According to Ullal, two additional key features of Arista’s Etherlink platforms are:
- Predictable latency: “Rapid and reliable bulk transfer from source to destination is key to all AI job completion. Per-packet latency is important, but the AI workload is most dependent on the timely completion of an entire processing step. In other words, the latency of the whole message is critical. Flexible ordering mechanisms use all Etherlink paths from the NIC to the switch to guarantee end-to-end predictable communication.”
- Congestion management: “Managing AI network congestion is a common ‘incast’ problem. It can occur on the last link of the AI receiver when multiple uncoordinated senders simultaneously send traffic to it. To avoid hotspots or flow collisions across expensive GPU clusters, algorithms are being defined to throttle, notify, and evenly spread the load across multipaths, improving the utilization and TCO of these expensive GPUs with a VoQ fabric,” Ullal wrote. The Arista Virtual Output Queuing (VoQ) fabric features a distributed scheduling mechanism that guarantees traffic flow delivery in congested switch ports.
Arista AI networking also depends on a combination of the vendor’s core EOS operating system and its natural-language, generative AI-based Autonomous Virtual Assist (AVA) system for delivering network insights, Ullal wrote.
“Arista AVA imitates human expertise at cloud scale through an AI-based expert system that automates complex tasks like troubleshooting, root cause analysis, and securing from cyber threats,” Ullal wrote. “It starts with real-time, ground-truth data about the network devices’ state and, if required, the raw packets. AVA combines our vast expertise in networking with an ensemble of AI/ML techniques, including supervised and unsupervised ML and NLP (Natural Language Processing). Applying AVA to AI networking increases the fidelity and security of the network with autonomous network detection and response and real-time observability.”
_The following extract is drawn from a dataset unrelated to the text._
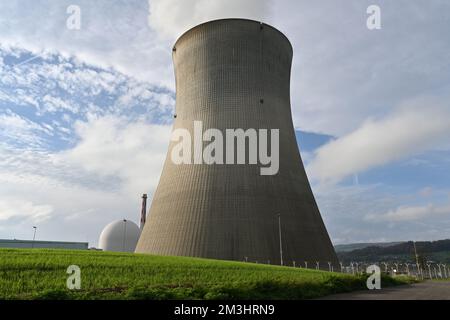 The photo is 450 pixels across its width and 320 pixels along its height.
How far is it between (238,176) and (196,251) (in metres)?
4.26

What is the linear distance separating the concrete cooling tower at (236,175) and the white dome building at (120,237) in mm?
24092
Regarding Arista’s EOS software stack, Ullal said it can help customers build resilient AI clusters. “EOS offers improved load balancing algorithms and hashing mechanisms that map traffic from ingress host ports to the uplinks so that flows are automatically re-balanced when a link fails,” Ullel wrote. “Our customers can now pick and choose packet header fields for better entropy and efficient load-balancing of AI workloads.
AI network visibility is another critical aspect in the training phase for large datasets used to improve the accuracy of LLMs, according to Ullal. “In addition to the EOS-based Latency Analyzer that monitors buffer utilization, Arista’s AI Analyzer monitors and reports traffic counters at microsecond-level windows. This is instrumental in detecting and addressing microbursts which are difficult to catch at intervals of seconds,” Ullal wrote.
In general, AI training clusters require a fundamentally new approach to building networks, “given the massively parallelized workloads” that can cause congestion, according to Ullal. “Traffic congestion in any single flow can lead to a ripple effect slowing down the entire AI cluster, as the workload must wait for that delayed transmission to complete. AI clusters must be architected with massive capacity to accommodate these traffic patterns from distributed GPUs, with deterministic latency and lossless deep buffer fabrics designed to eliminate unwanted congestion,” she wrote.